João Paulo diz que não renuncia ao mandato

Iolando Lourenço e Juliana Cézar Nunes /ABr

O deputado João Paulo Cunha (PT-SP) disse ontem que já descartou qualquer possibilidade de ele renunciar ao mandato parlamentar. João Paulo está entre os 13 parlamentares contra quem o Conselho de Ética poderá abrir processo por quebra de decoro. Depois de aberto o processo, nenhum deputado pode renunciar para se livrar da perda do direito de concorrer às eleições durante oito anos.

"A minha decisão é não renunciar. Cada deputado avalia a sua situação. Eu estou super tranqüilo para enfrentar o processo", disse o ex-presidente da Câmara, cuja mulher sacou R$ 50 mil da conta do empresário Marcos Valério de Souza no Banco Rural, em Brasília. "O dinheiro era do partido. Apresentei declaração do tesoureiro dizendo que ele indicou o lugar e o valor. Mostrei o trabalho realizado com aquele dinheiro. Por que eu preciso tomar pena por causa disso?", indagou João Paulo.

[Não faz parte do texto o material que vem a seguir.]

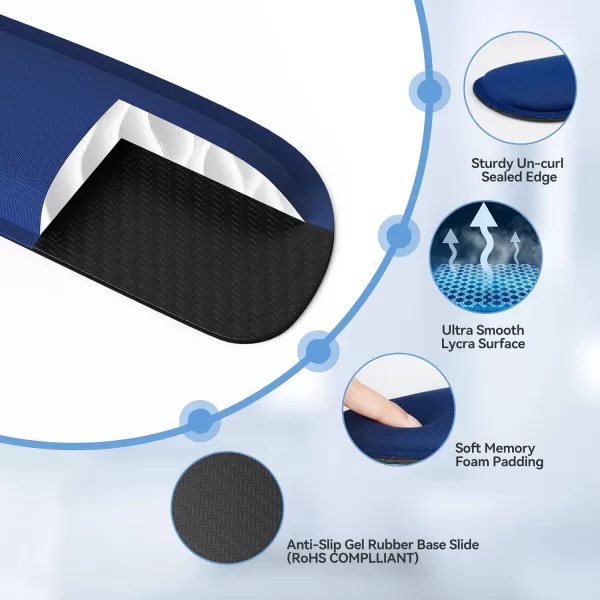 TECKNET Keyboard Wrist Rest and Mouse Pad with Wrist Support Memory Foam Set for ComputerLaptopMac Lightweight for Easy Typing ampamp Pain Relief Ergonomic Mousepad BlackBlue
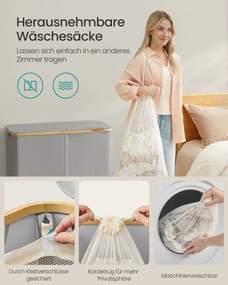 Cesto da roupa suja 200 L,  78 x 38,5 x 70,5 cm com tampa Cinza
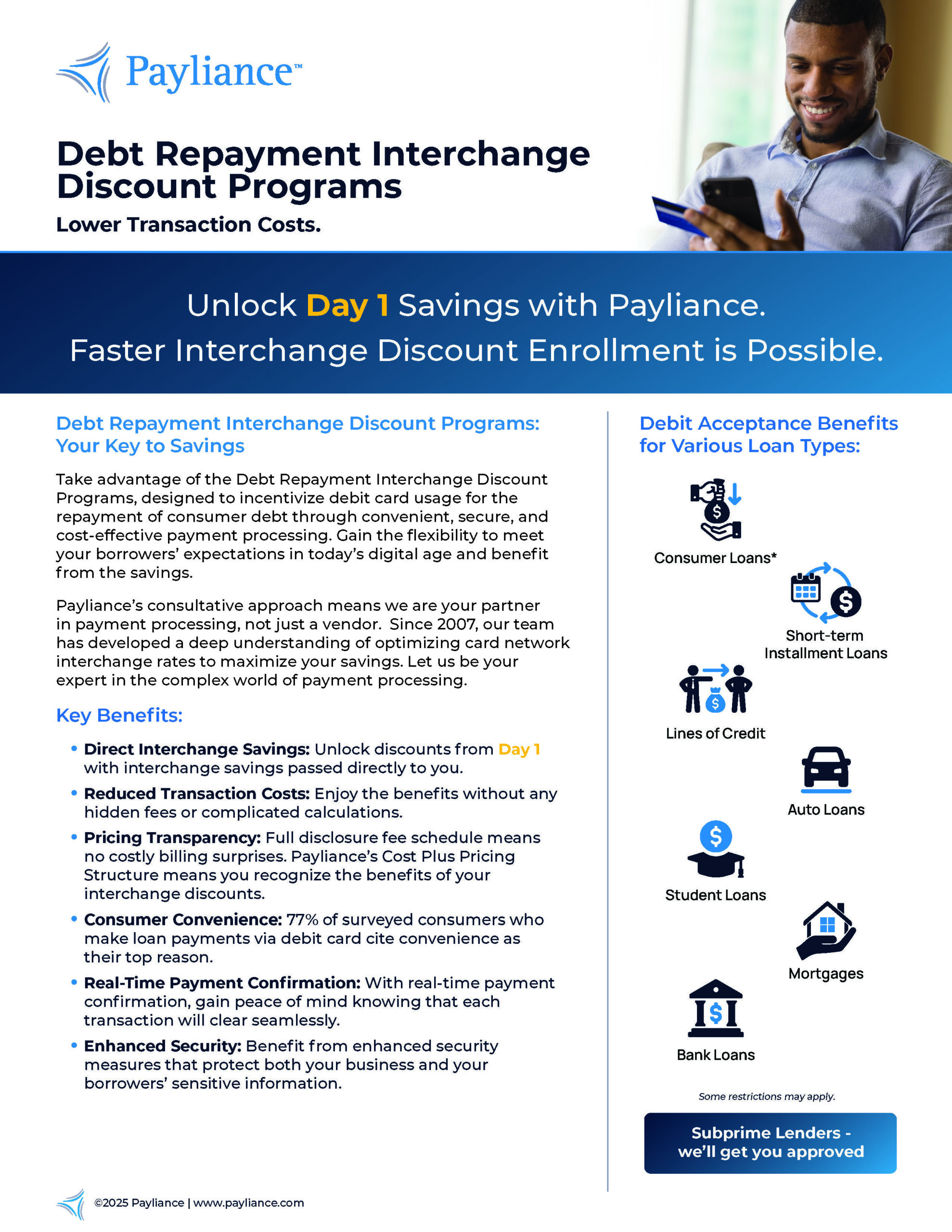 Debt Repayment Interchange Discount Program Enrollment Solution Brief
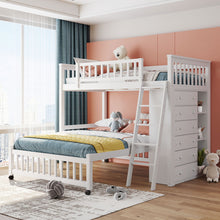 Load image into Gallery viewer, Bunk Bed With 6 Drawers And Flexible Shelves, Bottom Bed With Wheels
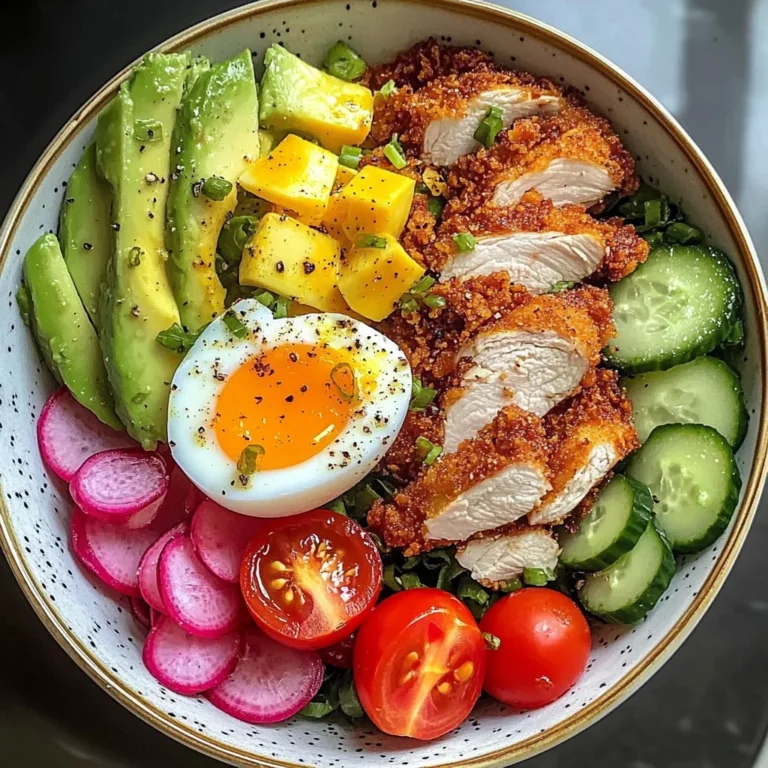 Crispy Chicken & Veggie Power Bowl with Avocado & Egg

Na semana passada, a Corregedoria da Câmara aprovou parecer favorável à abertura de processos de cassação contra deputados citados no relatório das comissões parlamentares mistas de inquérito dos Correios e da Compra de Votos. A sugestão da Corregedoria agora aguarda análise da Mesa Diretora, que se reúne amanhã (11). Caso a mesa concorde com a recomendação da Corregedoria, as representações serão enviadas ao Conselho de Ética para abertura de processo.

João Paulo Cunha criticou o procedimento adotado pela Corregedoria na fase de depoimentos. De acordo com ele, apenas três dos cinco parlamentares que integram o órgão estavam presentes para ouvi-lo. João Paulo ainda reclama que sua defesa por escrito não foi levada em conta. Por conta disso, o deputado enviou cópias do documento a todos os sete membros da Mesa, que vão analisar o parecer da Corregedoria.

"Os membros devem ler as defesas, ouvir os deputados acusados para tomar a decisão mais justa possível", afirmou o deputado, que negou a existência de negociação no sentido de uma renúncia coletiva dos seis petistas citados nos relatórios das CPIs. "Vou insistir junto à mesa na minha defesa e depois, se for o caso, vou chegar ao conselho ou até ao plenário com muita tranqüilidade, seguro, sereno de que eu não mereço pena de cassação."